THE FLOOR OF THE SEA

Who is there among us that has ever seen a lake, a pond, or a river-bed laid dry that has not felt an almost childish interest and curiosity in the aspect of a portion of earth’s surface hitherto concealed from our gaze? The feeling is probably universal, arising from the natural desire to penetrate the unknown, and also from a primitive anxiety to know what sort of an abode the inhabitants of the water possess, since we almost always consider the water-folk to live as do the birds, really on land with the water for an atmosphere. But if this curiosity be so general with regard to the petty depths mentioned above, how greatly is it increased in respect of the recesses of the sea. For there is truly the great unknown, the undiscoverable country of which, in spite of the constant efforts of deep-sea expeditions, we know next to nothing. Here imagination may (and does) run riot, attempting the impossible task of reproducing to our minds the state of things in the lightless, silent depths where life, according to our ideas of it, is impossible,--the true valley of the shadow of death.

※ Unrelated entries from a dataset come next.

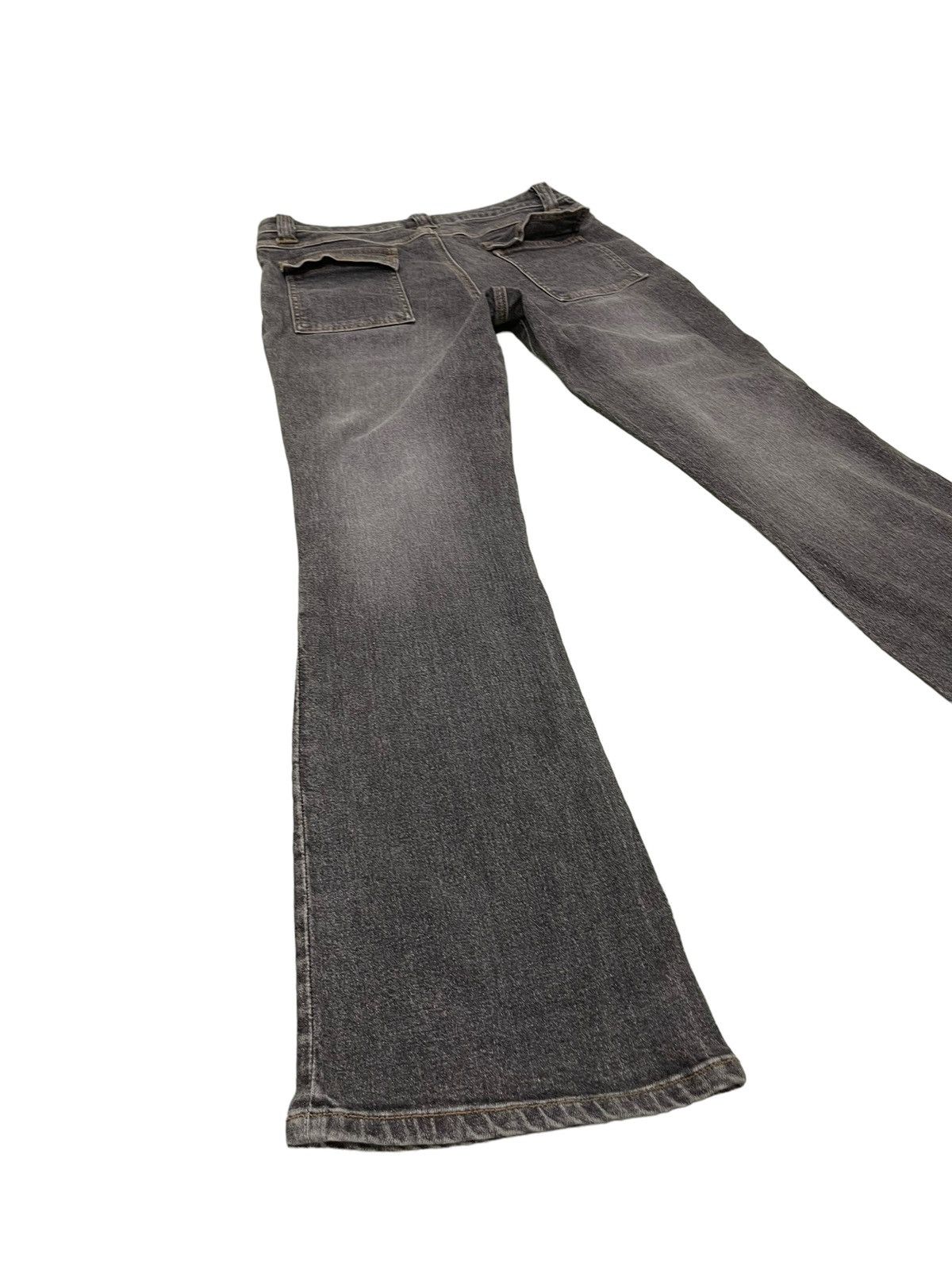 Japanese Brand Flare Skinny Jeans Daily Topic Distres Stretch Boot Cut 6🟦1 Size US 31 - 12 Thumbnail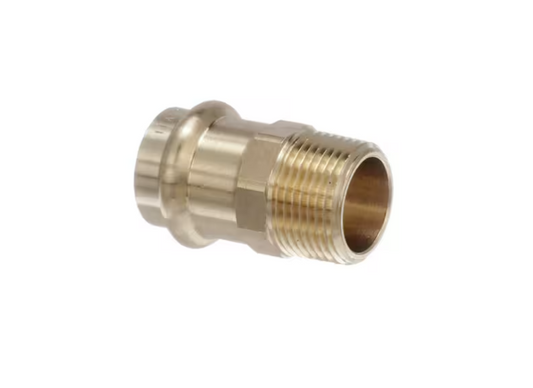 Viega ProPress 3/4 in. Press x 1/2 in. MPT Zero-Lead Bronze Reducing Adapter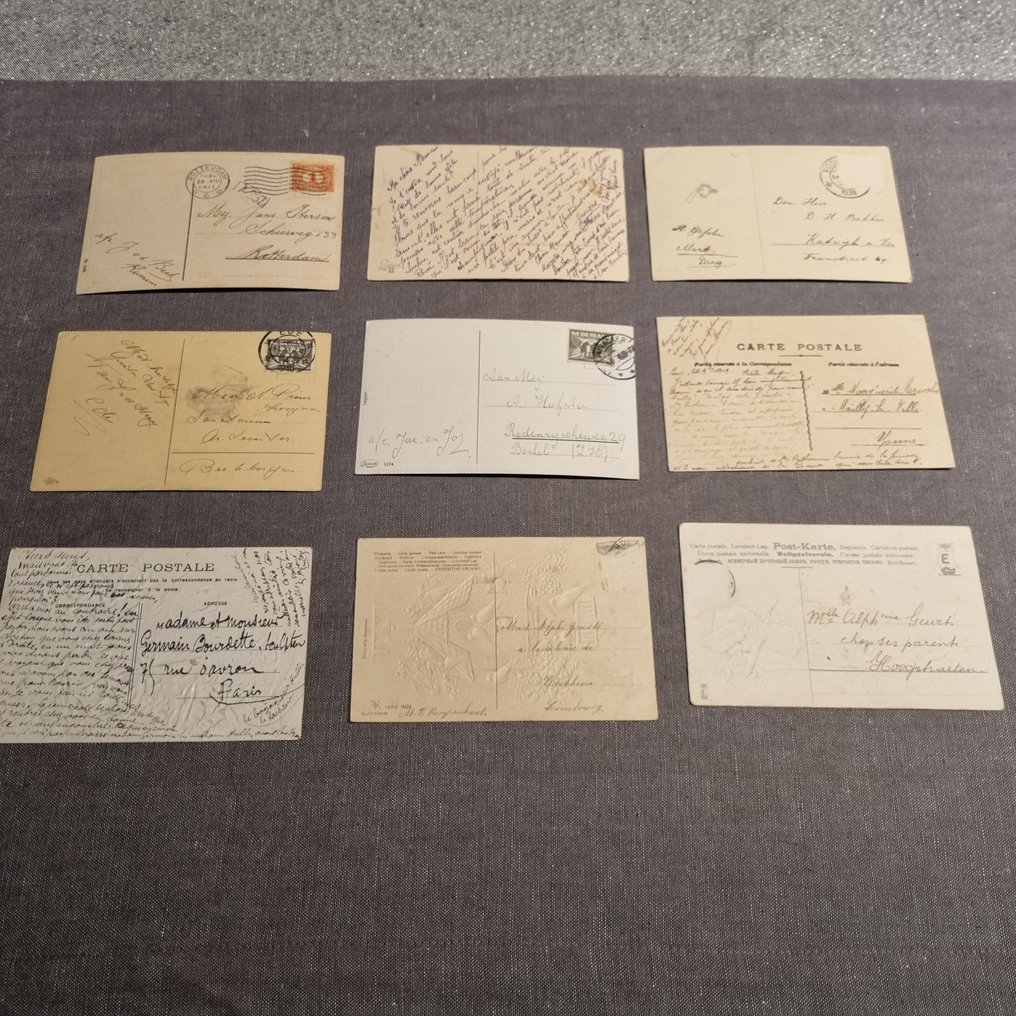 比利時, 荷蘭 - 幻想 - 生日 / 愿望 - 狗 - 马 - 明信片 (140) - 1900-1990 #1.0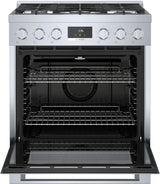 800 Series Gas Freestanding Range 30" Stainless Steel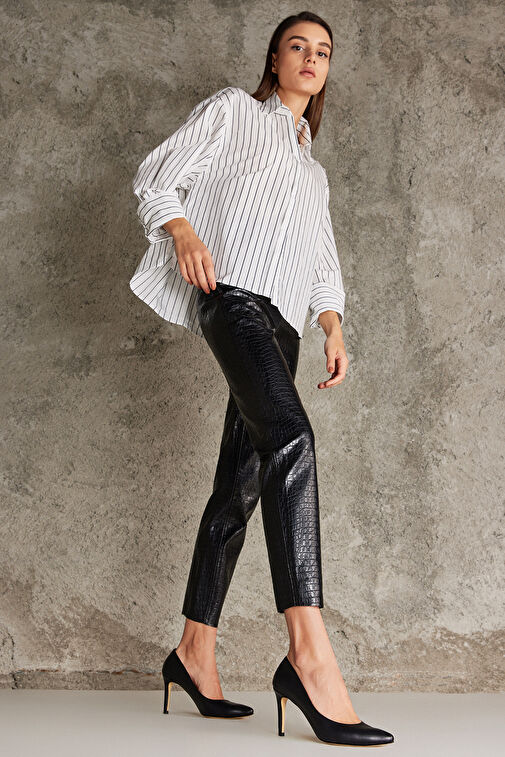 Ziya Siyah Kadın Deri Topuklu Ayakkabı 1231003 4292_000 - Görsel 3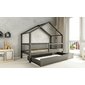 Masívna posteľ Musa bis s úložným priestorom - 80 x 160 / grafit 04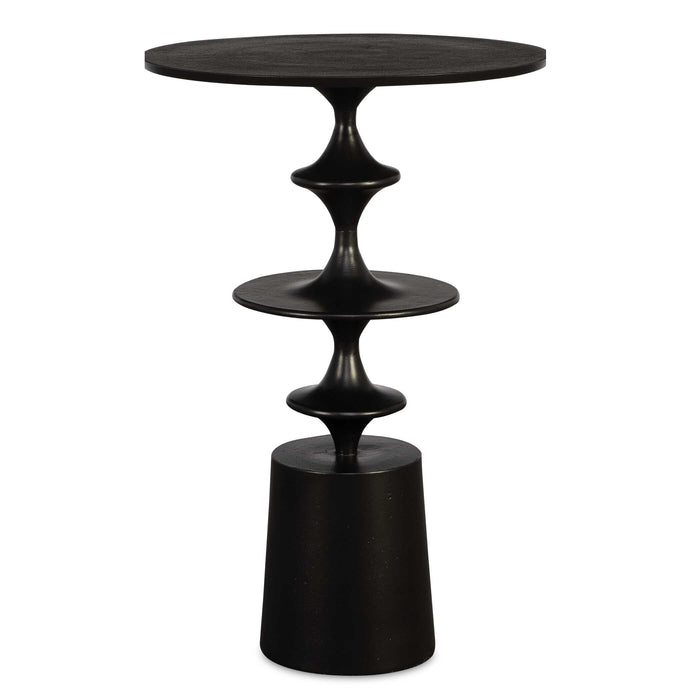 Flight Accent Table Satin Black-Furniture-Uttermost-Lighting Design Store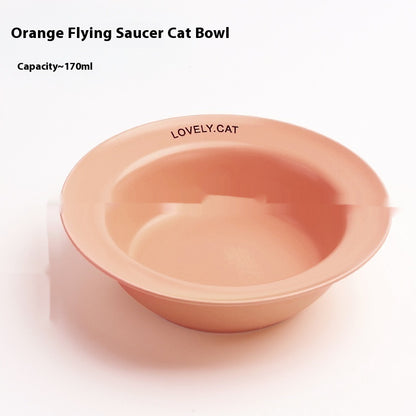 Ceramic Cat Bowl with Height-Adjustable Square Rack – Elevated Feeding Dish, UFO & Square Styles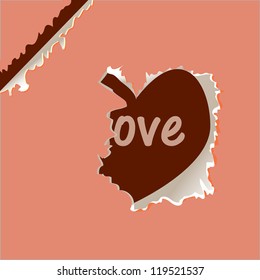 abstract background on Valentine's Day with hearts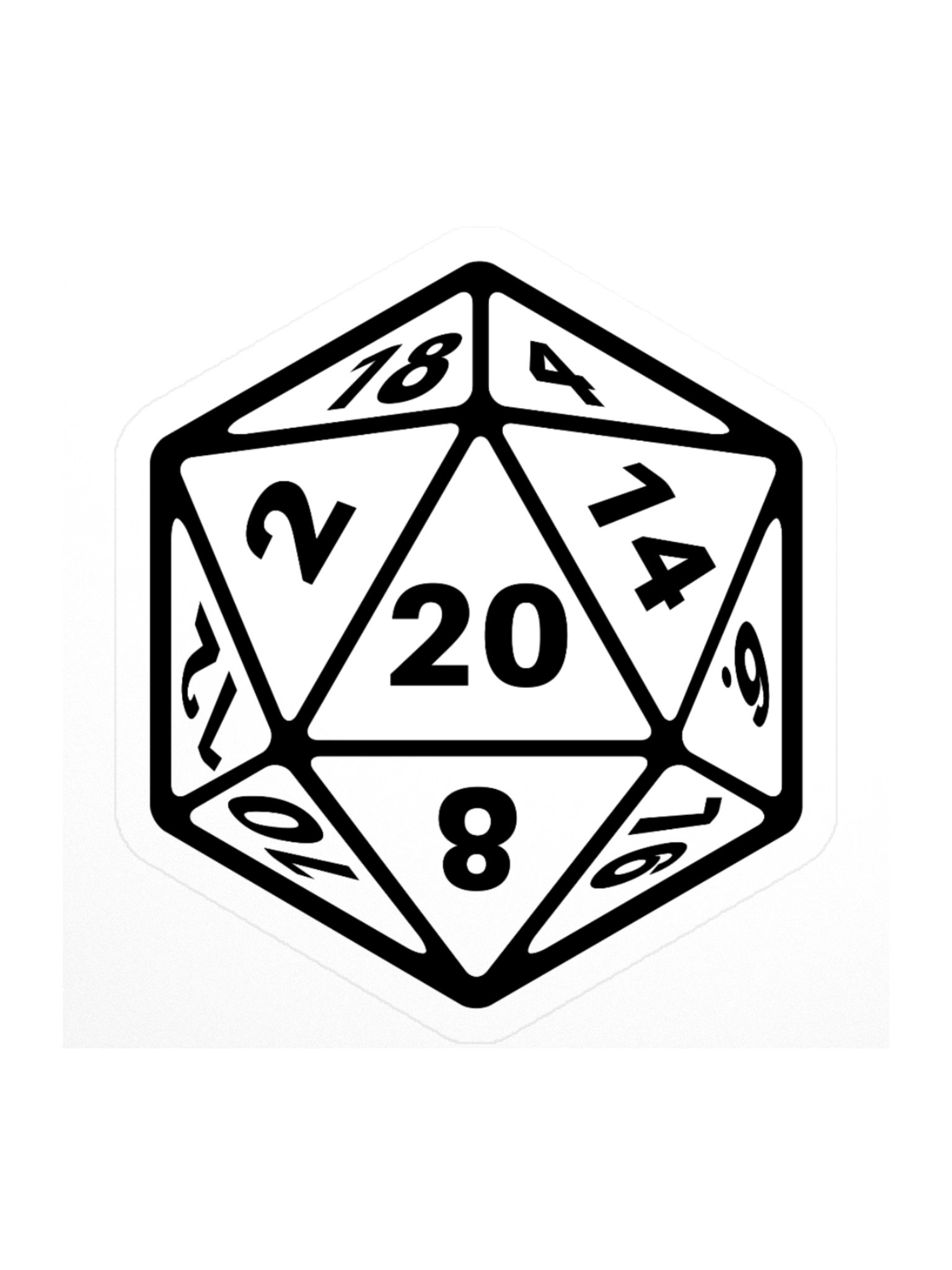 D20 Sticker - Nat 20 product image (1)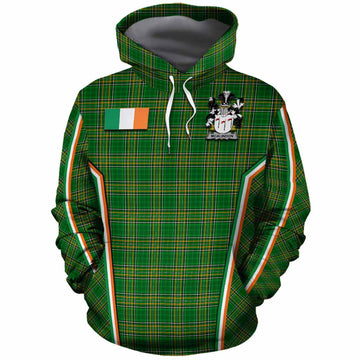 McAlindon Irish Clan Coat of Arm Tartan Cotton Hoodie Flag Style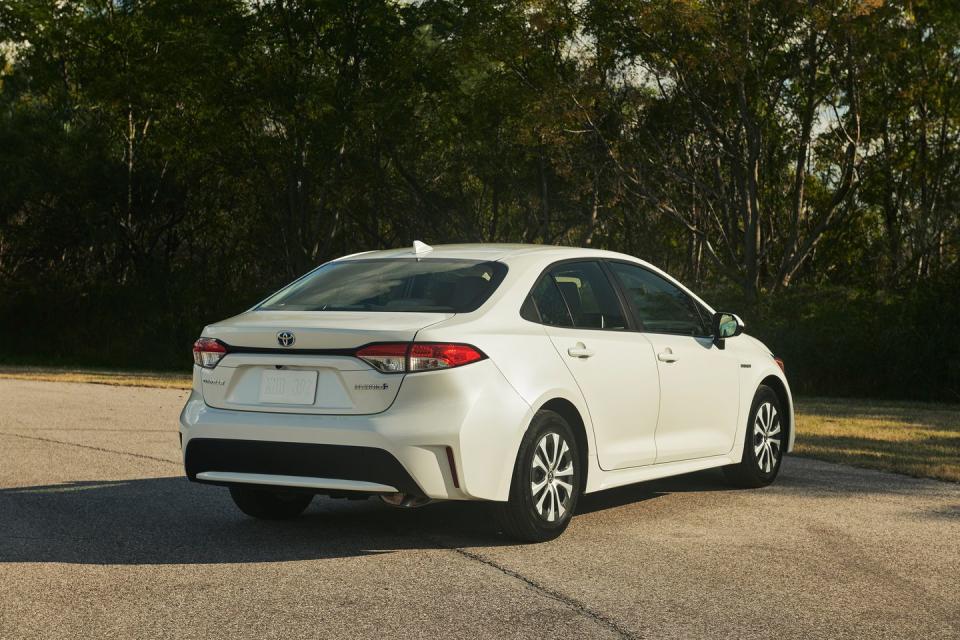 <p>It's the first time a Corolla hybrid has ever been offered in the United States. </p>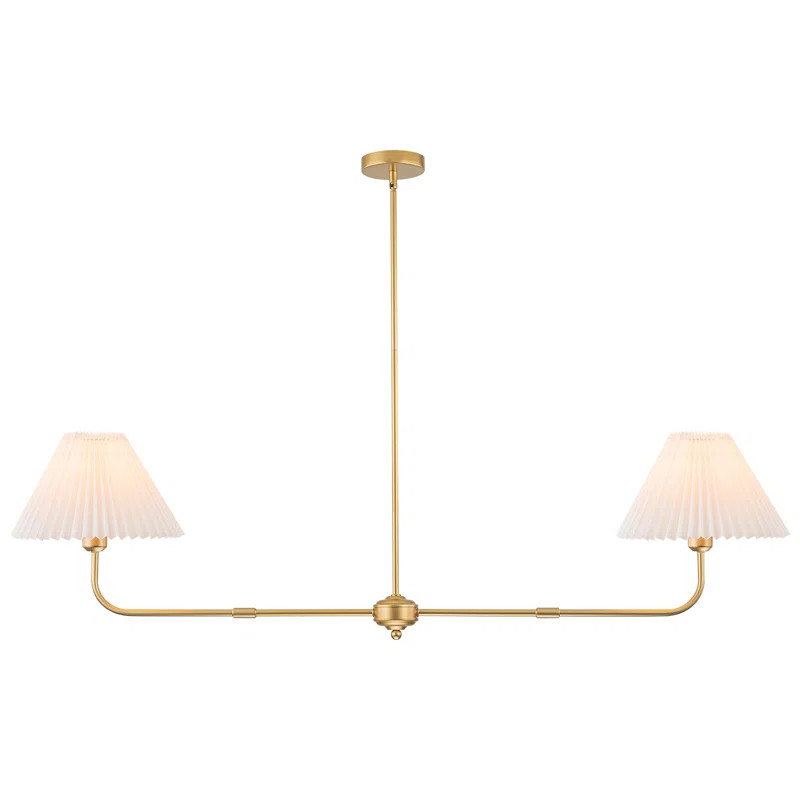 Linear Chandelier, 2-light Modern Chandelier For Dining Room Light Fixture, Dining Light Fixtures... | Wayfair North America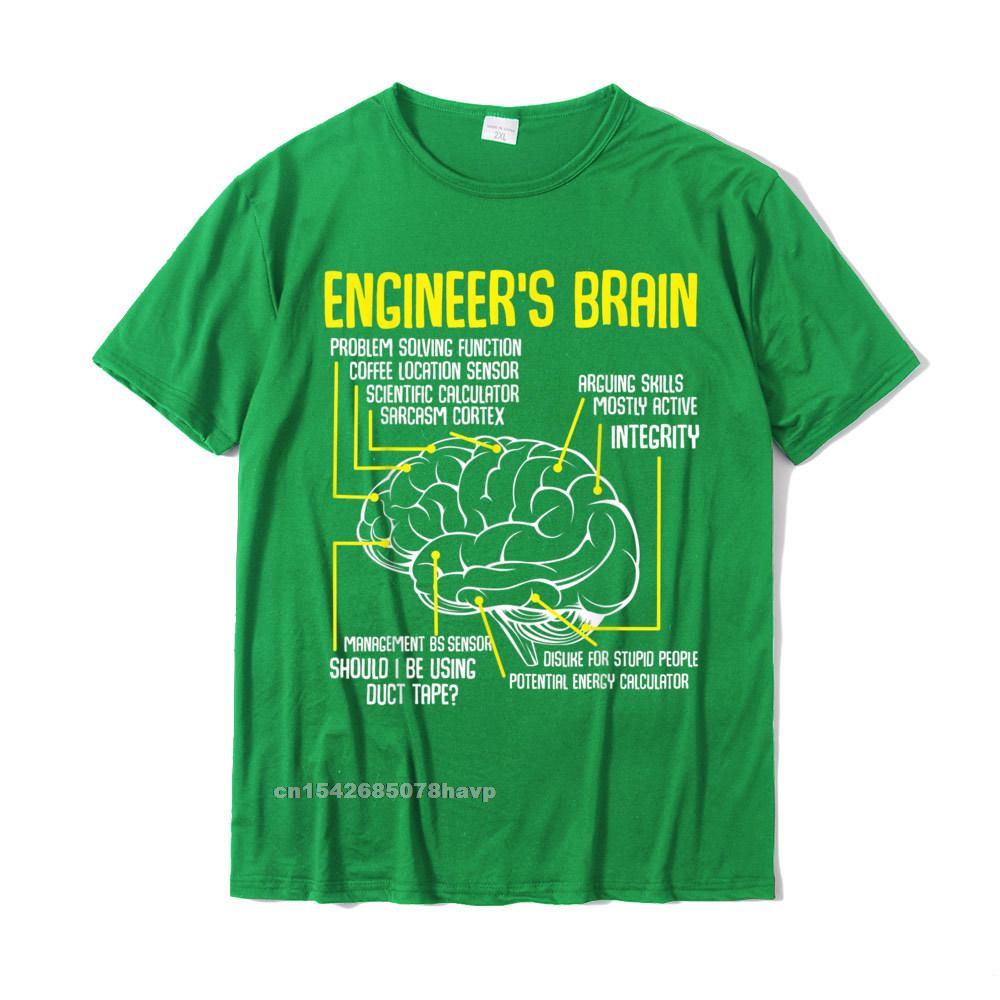 Engineers Brain Funny Engineering Games Process Funny TShirt Unisex Slim Fit Gift Tops Tees Cotton Tshirts Fitness Tight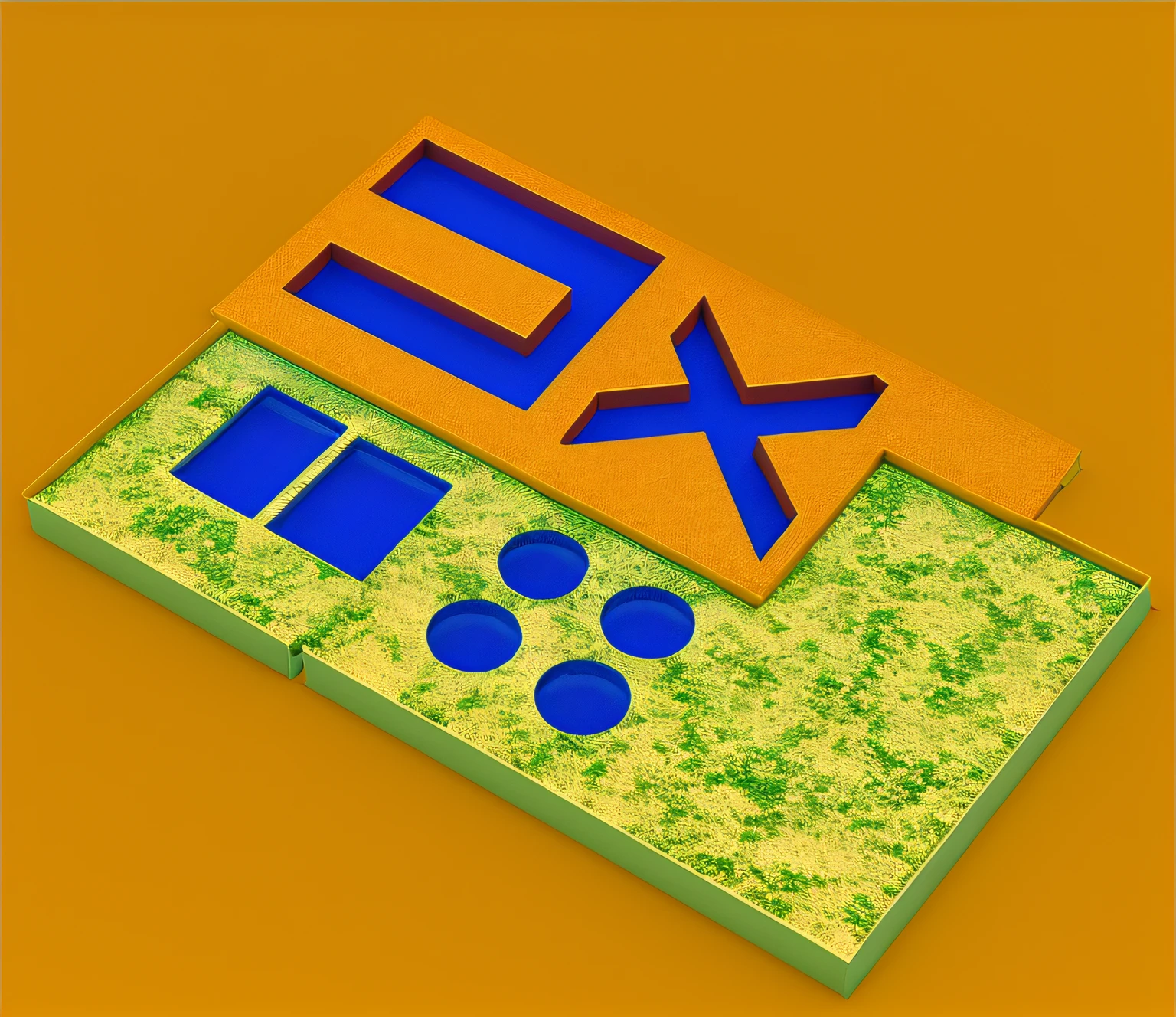 una cartilla de logotipo azul y verde, FBX, 3 Dex, xyz texturizado, Renderizado 3D, 3D renderizado, cdx, isometric game, Objeto de juego 3D, 3 dcg, 3dcg, ( ( ( ( Renderizado 3D ) ) ) ), 3 dmax, Representado como un renderizado 3D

Suppose that it were possible for some convulsion of Nature to lay bare, let us say, the entire bed of the North Atlantic Ocean. With one bound the fancy leaps at the prospect of a rediscovery of the lost continent, the fabled Atlantis whose wonders have had so powerful an effect upon the imaginations of mankind. Should we be able to roam through those stupendous halls, climb those towering temple heights reared by the giants of an elder world, or gaze with stupefied wonder upon the majestic ruins of cities to which Babylon or Palmyra with all their mountainous edifices were but as a suburban townlet! Who knows? Yet maybe the natural wonders apparent in the foundations of such soaring masses as the Azores, the Cape Verde Islands, or the Canaries; or, greater still, the altitude of such remote and lonely pinnacles as those of the St. Paul’s Rocks, would strike us as more marvellous yet. To thread the cool intricacies of the “still vext Bermoothes” at their basements and seek out the caves where the sea-monsters dwell who never saw the light of day, to wander at will among the windings of that strange maze of reefs that cramp up the outpouring of the beneficent Gulf Stream and make it issue from its source with that turbulent energy that carries it, laden with blessings, to our shores; what a pilgrimage that would be! Imagine the vision of that great chain of islands which we call the West Indies soaring up from the vast plain 6000 feet below, with all the diversity of form and colour belonging to the lovely homes of the coral insects, who build ceaselessly for themselves, yet all unconsciously rear stable abodes for mankind.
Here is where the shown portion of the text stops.